(IIª-IIªº, q. 156, a . 4; De Verit., q. 25, a . 6, ad 4; VII Ethic., lect. VI).
O quinto discute-se assim. — Parece que a ira não é mais natural que a concupiscência.
1. — Pois, diz-se que é próprio do homem ser um animal manso por natureza. Ora, a mansidão opõe-se à ira, como diz o Filósofo. Logo, esta não é mais natural que a concupiscência; antes, parece de todo contrária à natureza do homem.

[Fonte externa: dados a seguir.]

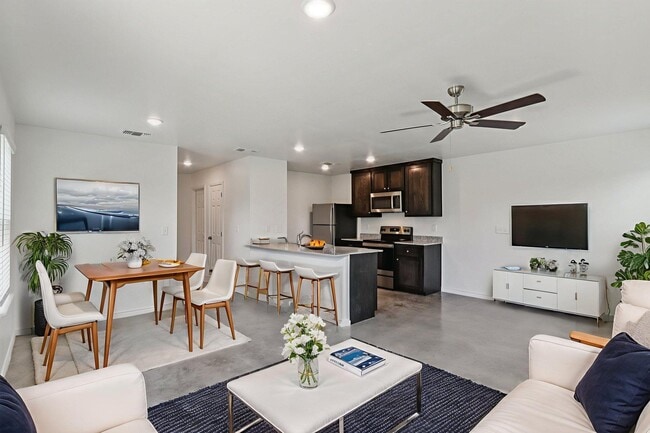 Tejas Pointe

2. Demais — A razão se opõe à natureza, pois, não dizemos que quem age conforme a razão também o faz de conformidade com a natureza. Ora, a ira é acompanhada da razão, ao passo que a concupiscência não o é, como diz Aristóteles. Logo, esta é mais natural que aquela.
3. Demais — A ira é o desejo da vingança; ora, a concupiscência é sobretudo o apetite dos prazeres do tato, a saber, os da mesa e os venéreos. Ora, estes são mais naturais ao homem que a vingança. Logo, a concupiscência é mais natural que a ira.

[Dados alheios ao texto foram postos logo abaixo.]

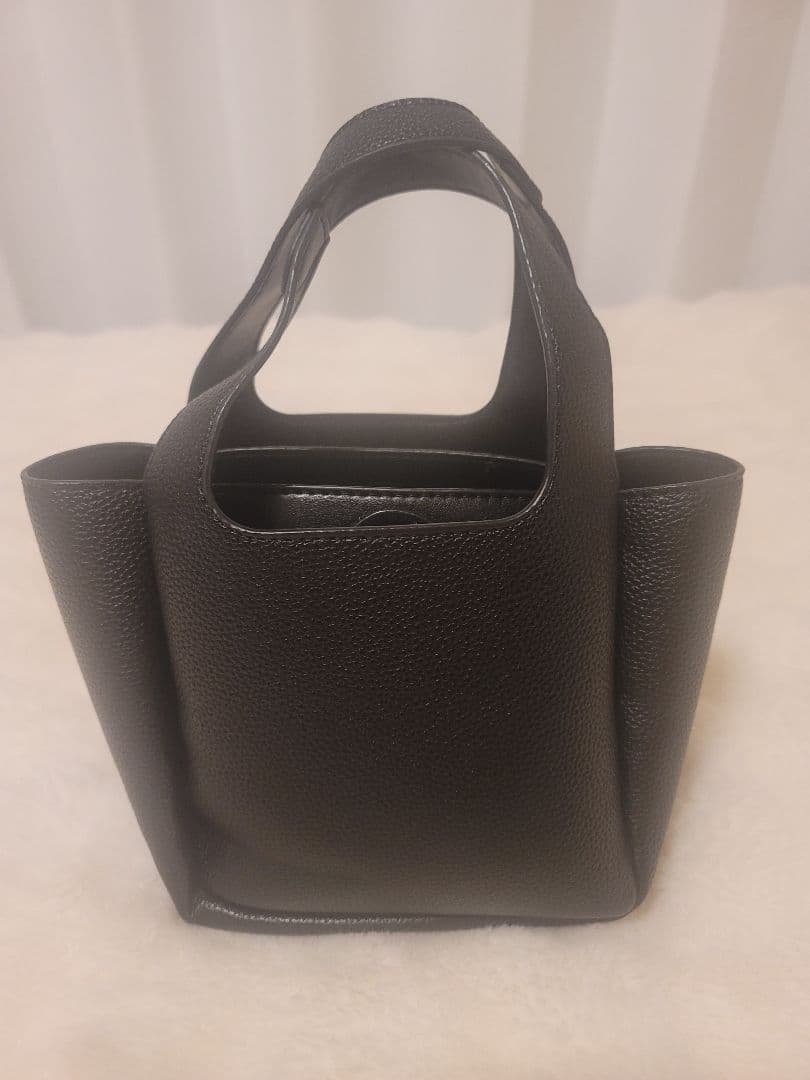 ノベルティ PRADA ミニトートバッグ ブラック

Mas, em contrário, diz o Filósofo, que a ira é mais natural que a concupiscência.
Solução. — Chama-se natural ao que é causado pela natureza, como se vê claramente em Aristóteles. Por onde, só pela sua causa é que podemos saber se uma paixão é mais ou menos natural. Ora, a causa de uma paixão, como já dissemos, pode ser considerada de dois modos: em relação ao objeto e em relação ao sujeito. — Se pois considerarmos a causa da ira e da concupiscência em relação ao objeto, esta, sobretudo quanto referente aos prazeres da mesa e aos venéreos, é mais natural que aquela, porquanto esses prazeres são mais naturais que a vingança. — Se porém considerarmos a causa da ira relativamente ao sujeito, então ela é de certo modo mais natural, assim como, de certo modo, também a concupiscência o é.
Pois, a natureza de um homem pode ser considerada, genérica, especificamente, ou segundo a compleição própria do indivíduo. — Assim, se considerarmos a natureza genérica, que é a do homem enquanto animal, então a concupiscência é mais natural que a ira; pois, é pela natureza comum em si mesma, que o homem tem certa inclinação para desejar o que lhe conserva a vida, específica ou individualmente. — Se porém considerarmos a sua natureza específica, i. é, enquanto racional, então a ira é-lhe mais natural que a concupiscência, por ser, mais que esta, acompanhada da razão. Por isso, diz o Filósofo, que é mais humano punir — o que diz respeito à ira — que ser manso, porque todos os seres se insurgem naturalmente contra o que lhes é contrário e nocivo. — Se porém considerarmos a natureza de um indivíduo na sua compleição própria, então a ira é mais natural que a concupiscência, porque mais facilmente que a esta ou qualquer outra paixão, segue uma tendência natural, resultante da compleição. Ora, é predisposto à ira quem tem compleição colérica; e a cólera move-se mais rapidamente que os outros humores, comparável por isso ao fogo. Por onde, quem por compleição natural tem predisposição para a ira, encoleriza-se mais prontamente do que cede à concupiscência o que é para esta predisposto. Por isso, como diz o Filósofo, a ira, mais que a concupiscência, transmite-se dos pais aos filhos.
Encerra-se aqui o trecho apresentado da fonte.